J’étais un frère de nombreux frères et sœurs. Notre père et notre mère étaient bons. J’étais attaché à tous par un amour profond. Une fois, mon père me conduisit à un joyeux banquet. Mes frères y furent très gais, – mais j’étais très triste. Alors mon père s’approcha de moi et m’intima l’ordre de me régaler de mets succulents. Mais je ne pouvais pas ; alors mon père, se fâchant, me chassa de sa vue. Je tournai les talons et, le cœur rempli d’un amour infini pour ceux qui le dédaignaient, je parcourus une contrée étrangère. Pendant des années, je sentis que j’étais partagé entre la plus grande douleur et le plus grand amour. Alors je reçus la nouvelle de la mort de ma mère.
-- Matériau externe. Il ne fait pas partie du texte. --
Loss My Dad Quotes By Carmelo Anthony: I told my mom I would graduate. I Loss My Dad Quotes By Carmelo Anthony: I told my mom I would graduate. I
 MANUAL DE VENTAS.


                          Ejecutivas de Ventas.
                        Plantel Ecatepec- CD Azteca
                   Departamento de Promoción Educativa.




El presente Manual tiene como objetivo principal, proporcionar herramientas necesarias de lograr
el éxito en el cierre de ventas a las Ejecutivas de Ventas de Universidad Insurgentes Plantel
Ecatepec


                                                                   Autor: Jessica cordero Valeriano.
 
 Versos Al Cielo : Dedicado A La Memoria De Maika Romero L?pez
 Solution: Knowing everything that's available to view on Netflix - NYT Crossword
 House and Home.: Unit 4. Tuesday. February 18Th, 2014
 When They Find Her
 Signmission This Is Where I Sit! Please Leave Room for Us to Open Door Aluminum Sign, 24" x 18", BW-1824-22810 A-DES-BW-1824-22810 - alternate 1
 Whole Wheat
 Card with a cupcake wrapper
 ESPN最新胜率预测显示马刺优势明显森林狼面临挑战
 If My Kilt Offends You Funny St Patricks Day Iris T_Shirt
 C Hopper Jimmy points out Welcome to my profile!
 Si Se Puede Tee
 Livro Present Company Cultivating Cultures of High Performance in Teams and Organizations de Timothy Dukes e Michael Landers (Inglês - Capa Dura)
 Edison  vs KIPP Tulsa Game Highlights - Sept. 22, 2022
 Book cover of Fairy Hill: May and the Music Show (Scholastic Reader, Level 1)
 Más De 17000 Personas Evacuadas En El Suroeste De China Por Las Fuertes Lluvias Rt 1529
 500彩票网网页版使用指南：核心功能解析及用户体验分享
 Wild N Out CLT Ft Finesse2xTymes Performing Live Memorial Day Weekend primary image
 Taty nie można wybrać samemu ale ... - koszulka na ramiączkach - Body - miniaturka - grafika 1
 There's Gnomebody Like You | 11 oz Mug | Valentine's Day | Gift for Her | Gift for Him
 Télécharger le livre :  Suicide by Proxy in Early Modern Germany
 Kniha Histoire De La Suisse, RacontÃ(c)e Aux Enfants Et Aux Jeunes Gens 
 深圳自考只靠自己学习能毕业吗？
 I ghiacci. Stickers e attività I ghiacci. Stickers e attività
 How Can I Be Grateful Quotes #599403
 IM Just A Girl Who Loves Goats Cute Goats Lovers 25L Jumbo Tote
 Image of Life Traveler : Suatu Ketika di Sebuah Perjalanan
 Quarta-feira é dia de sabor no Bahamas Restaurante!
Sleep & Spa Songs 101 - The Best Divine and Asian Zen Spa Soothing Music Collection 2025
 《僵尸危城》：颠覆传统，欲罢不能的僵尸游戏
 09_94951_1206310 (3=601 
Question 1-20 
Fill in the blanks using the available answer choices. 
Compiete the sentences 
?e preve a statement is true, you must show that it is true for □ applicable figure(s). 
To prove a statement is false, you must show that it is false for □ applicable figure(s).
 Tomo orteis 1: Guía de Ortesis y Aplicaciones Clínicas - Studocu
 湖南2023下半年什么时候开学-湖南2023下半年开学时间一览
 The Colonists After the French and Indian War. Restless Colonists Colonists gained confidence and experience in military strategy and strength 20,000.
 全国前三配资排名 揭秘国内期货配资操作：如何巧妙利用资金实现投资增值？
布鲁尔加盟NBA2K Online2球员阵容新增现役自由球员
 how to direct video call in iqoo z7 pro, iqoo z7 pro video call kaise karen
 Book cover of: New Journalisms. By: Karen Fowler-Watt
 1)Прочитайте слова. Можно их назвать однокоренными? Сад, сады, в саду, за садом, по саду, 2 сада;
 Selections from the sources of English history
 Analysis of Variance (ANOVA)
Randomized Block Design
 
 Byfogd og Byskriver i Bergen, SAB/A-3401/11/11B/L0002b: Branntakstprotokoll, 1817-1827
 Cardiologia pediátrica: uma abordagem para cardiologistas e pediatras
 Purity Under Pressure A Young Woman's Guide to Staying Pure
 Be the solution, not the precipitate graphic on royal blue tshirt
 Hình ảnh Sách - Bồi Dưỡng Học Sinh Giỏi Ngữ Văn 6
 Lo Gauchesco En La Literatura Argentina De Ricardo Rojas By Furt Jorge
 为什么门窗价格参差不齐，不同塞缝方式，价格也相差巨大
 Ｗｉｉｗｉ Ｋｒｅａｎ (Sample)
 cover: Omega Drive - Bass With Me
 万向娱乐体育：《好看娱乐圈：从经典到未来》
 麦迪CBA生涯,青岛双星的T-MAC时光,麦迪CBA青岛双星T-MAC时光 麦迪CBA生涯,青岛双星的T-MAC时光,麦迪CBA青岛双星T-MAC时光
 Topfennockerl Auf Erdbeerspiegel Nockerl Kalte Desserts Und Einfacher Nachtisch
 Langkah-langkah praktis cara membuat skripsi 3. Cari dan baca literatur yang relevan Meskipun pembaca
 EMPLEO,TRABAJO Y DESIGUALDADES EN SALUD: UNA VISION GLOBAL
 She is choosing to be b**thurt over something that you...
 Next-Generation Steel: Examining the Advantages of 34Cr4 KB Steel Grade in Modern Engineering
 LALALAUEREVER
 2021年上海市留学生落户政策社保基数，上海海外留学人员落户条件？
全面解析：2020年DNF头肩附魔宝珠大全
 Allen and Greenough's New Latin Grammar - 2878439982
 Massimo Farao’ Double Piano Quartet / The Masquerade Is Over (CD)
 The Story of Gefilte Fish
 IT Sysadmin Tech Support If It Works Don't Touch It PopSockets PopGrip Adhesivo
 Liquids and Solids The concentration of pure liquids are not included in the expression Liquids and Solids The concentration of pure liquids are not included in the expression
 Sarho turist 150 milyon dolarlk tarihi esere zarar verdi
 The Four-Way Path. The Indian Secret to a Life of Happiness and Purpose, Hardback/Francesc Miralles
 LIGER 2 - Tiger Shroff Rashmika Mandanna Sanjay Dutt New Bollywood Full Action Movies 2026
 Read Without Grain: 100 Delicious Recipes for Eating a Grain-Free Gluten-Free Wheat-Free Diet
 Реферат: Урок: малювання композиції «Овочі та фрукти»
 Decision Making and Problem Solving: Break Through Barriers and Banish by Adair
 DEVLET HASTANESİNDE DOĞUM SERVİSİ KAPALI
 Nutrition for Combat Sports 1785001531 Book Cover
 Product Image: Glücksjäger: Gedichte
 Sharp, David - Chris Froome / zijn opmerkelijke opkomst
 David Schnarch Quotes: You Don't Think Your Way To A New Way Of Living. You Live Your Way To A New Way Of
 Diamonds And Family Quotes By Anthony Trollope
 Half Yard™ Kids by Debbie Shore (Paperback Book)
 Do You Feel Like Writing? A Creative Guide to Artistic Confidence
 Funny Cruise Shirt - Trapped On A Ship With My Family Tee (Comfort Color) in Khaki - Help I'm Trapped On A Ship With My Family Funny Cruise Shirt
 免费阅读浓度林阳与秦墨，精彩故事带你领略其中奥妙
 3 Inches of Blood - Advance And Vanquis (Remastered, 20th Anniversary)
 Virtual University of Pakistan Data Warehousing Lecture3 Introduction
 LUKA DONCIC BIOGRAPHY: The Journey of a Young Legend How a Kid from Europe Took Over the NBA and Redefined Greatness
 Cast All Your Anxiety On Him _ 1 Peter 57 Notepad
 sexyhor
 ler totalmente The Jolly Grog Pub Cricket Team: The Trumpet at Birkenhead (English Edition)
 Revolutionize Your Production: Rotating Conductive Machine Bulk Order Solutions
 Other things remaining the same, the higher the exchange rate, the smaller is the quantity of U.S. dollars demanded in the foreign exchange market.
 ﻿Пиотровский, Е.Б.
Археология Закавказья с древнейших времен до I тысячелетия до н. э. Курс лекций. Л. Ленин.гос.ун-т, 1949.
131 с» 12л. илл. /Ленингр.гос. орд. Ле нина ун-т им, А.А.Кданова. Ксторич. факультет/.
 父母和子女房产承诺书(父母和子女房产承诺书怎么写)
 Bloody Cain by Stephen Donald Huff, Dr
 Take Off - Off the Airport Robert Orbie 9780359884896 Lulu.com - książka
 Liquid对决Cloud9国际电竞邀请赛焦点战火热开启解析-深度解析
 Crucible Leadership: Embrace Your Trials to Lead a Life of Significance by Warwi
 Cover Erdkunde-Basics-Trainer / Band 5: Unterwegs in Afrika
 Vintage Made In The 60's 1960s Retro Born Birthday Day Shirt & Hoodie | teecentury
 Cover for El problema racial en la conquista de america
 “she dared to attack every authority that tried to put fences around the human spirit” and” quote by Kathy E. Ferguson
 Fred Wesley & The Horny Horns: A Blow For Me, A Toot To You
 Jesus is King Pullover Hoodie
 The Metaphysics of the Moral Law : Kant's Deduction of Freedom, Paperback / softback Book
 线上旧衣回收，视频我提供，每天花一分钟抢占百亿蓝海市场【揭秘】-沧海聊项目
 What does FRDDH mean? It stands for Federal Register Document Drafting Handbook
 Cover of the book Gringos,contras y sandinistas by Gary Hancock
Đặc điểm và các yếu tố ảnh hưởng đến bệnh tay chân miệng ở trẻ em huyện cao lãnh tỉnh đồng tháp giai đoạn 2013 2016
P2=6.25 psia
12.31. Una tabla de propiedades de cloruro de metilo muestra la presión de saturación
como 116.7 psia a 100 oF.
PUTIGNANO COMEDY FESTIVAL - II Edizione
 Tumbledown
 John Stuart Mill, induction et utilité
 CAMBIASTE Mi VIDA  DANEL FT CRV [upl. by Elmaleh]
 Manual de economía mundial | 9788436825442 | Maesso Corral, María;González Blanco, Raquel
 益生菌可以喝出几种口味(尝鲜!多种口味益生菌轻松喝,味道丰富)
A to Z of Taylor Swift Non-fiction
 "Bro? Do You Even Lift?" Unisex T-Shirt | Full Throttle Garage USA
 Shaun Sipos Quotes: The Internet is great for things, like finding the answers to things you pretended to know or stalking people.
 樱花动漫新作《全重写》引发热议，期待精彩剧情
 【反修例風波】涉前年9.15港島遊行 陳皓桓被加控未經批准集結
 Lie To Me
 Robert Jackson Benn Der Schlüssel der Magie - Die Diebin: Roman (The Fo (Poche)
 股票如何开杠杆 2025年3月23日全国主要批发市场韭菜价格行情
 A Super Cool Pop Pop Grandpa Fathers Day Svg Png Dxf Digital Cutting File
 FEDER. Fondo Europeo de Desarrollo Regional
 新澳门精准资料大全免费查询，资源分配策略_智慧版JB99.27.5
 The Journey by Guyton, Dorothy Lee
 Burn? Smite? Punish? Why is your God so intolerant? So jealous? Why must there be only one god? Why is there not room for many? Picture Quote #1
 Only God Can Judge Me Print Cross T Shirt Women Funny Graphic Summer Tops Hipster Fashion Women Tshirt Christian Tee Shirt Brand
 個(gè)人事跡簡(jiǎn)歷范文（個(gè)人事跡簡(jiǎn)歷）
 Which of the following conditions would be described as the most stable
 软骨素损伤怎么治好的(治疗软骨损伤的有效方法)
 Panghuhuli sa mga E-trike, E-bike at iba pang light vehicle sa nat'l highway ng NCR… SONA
Je m’empressai pour la voir, et mon père, attendri par la douleur, ne m’empêcha pas d’entrer. Alors je vis son cadavre. Des larmes coulèrent de mes yeux. Comme dans le bon vieux temps passé dans lequel nous devrions nous mouvoir, d’après l’opinion de la morte, je la vis gisante, comme elle faisait autrefois. Nous suivîmes son corps dans le deuil, et le cercueil disparut.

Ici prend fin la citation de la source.